Allá por 1946, ya ha llovido algo, el gran Raymond Chandler le escribía a su amigo Charles Morton una carta donde le daba cuenta de su experiencia como lector de The New Yorker, esa publicación que Margarita Robles no conoce y que desde las filas del independentismo se nos mienta como el oráculo de Delfos. La opinión de Chandler se sitúa en algún lugar a medio camino: la leía, pero estaba muy lejos de deslumbrarle. De hecho, le dice a Morton que quienes la escriben parecen siempre propensos a encontrar algo sucio y ocurrente que decir, y que en el fondo esa es una manera fácil de escribir que indica cierta inmadurez.
Pese a no haber sido nunca demasiado leída por estos lares, The New Yorker ocupa ahora el centro de la actualidad española. La culpa la tiene el reportaje que en sus páginas firma Ronan Farrow, hijo de Mia Farrow y otrora impulsor de la campaña de demolición de Woody Allen, y que sobre la base de un informe del instituto canadiense Citizen Lab ha desvelado un supuesto espionaje masivo a los independentistas catalanes con el sistema israelí Pegasus, del que se responsabiliza al Gobierno español.
Hay un hecho cierto y que no cabe desdeñar: el informe y el artículo no han golpeado en el vacío, desde el momento en que el Gobierno ha reconocido que el CNI tiene el software espía y que se ha empleado para espiar al independentismo, si bien alega que ha sido dentro de la legalidad. Esto habrá de verse, así como esa acusación de espionaje indiscriminado e ilícito; pero no es un triunfo desdeñable para los investigadores, la revista y los espiados haber sido capaces de sacar a la luz lo que al servicio de inteligencia le convendría que jamás se hubiera sabido. Poco o mucho, algo hay y el reportaje lo ha puesto sobre la mesa.
Otra cosa es el festival lanzado por el secesionismo con su propio hashtag, #Catalangate, gran despliegue de medios y feroz rasgado de vestiduras. Fea cosa es la intromisión en la intimidad de las personas, si se hace sin justificación ni amparo en la ley (que, de nuevo, es algo que los hechos ratificarán o no); pero no deja de sorprender la solemnidad de doncellas ofendidas con la que claman por el atropello de sus derechos fundamentales quienes, no se olvide, tienen en su currículum lo que tienen.
¿O es que no eran derechos fundamentales, entre otros el de representación política, los que arrolló un procés que trató de abolir el ordenamiento jurídico vigente para sustituirlo por leyes secretas dictadas en interés de una parte de la sociedad catalana y en contra del resto? ¿Y qué decir del coqueteo con la Rusia de Putin, que no sólo era y es el principal enemigo de la UE, sino que dirige un servicio secreto, el FSB, cuyos métodos dejan al peor que pueda usar el CNI como una travesura de novicia?

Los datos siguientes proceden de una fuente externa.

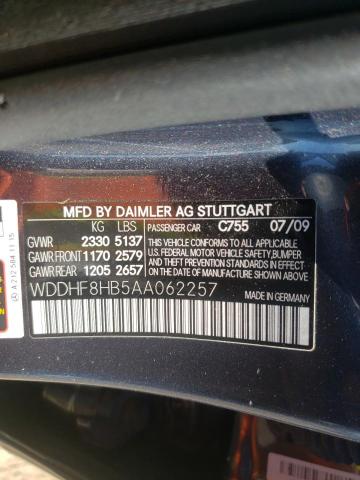 Photo 9 VIN: WDDHF8HB5AA062257 - MERCEDES-BENZ E 350 4MAT 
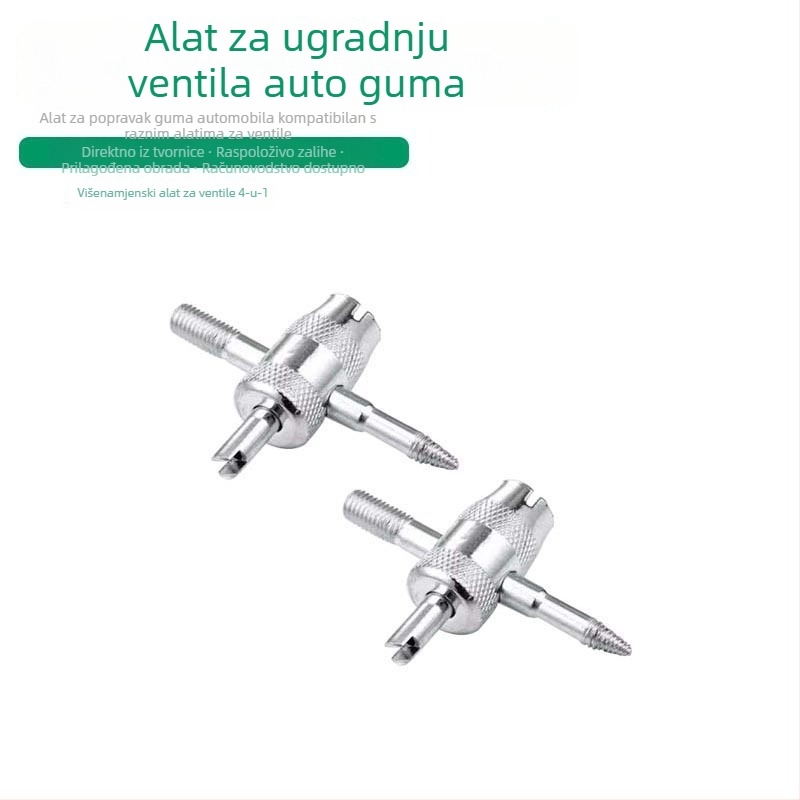 Četvero-u-jednom ključ ventila za popravak automobilskih pneu – alat za uvrtanje ventila (Porijeklo: Xian County; Marka: Nema; Glavna tržišta: Drugo; Ovlaštene privatne marke: Ne)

Al final, se vislumbra aquí lo de siempre: la sacrosanta ley del embudo aplicada por los iluminados de toda condición, en cuya virtud sus derechos y sus agravios pesan más que los del resto. Del mismo modo que en labios de los independentistas la Generalitat lo es de Catalunya, con tono inflamado al decirlo, y el Gobierno supuestamente espía lo es del Estado español, con desdén burocrático, mayúscula dudosa y sugestión permanente de cloacas que vendrían a ser su sistema nervioso central.
Debe la justicia española despejar toda duda al respecto, pero tal vez deberían tener cuidado estos sobreactuadores con las acciones que se plantean a propósito del escándalo que van a cebar hasta el límite de sus fuerzas. Por ejemplo, esa iniciativa de Puigdemont de denunciar al Gobierno español en Bruselas. No vaya a ser que Pegasus, entre otras miserias y juez mediante, haya servido al CNI para desvelar el cariz cloacal de sus vínculos con la potencia que a diario amenaza con reducir a la UE a polvo radiactivo. Poca simpatía va a encontrar, si ese fuera el caso.
Ya lo advierte el veredicto de Chandler citado al principio de estas líneas. Abusar de la ocurrencia y del denuesto es facilidad que denota inmadurez. Y eso, en la vida real, se paga siempre.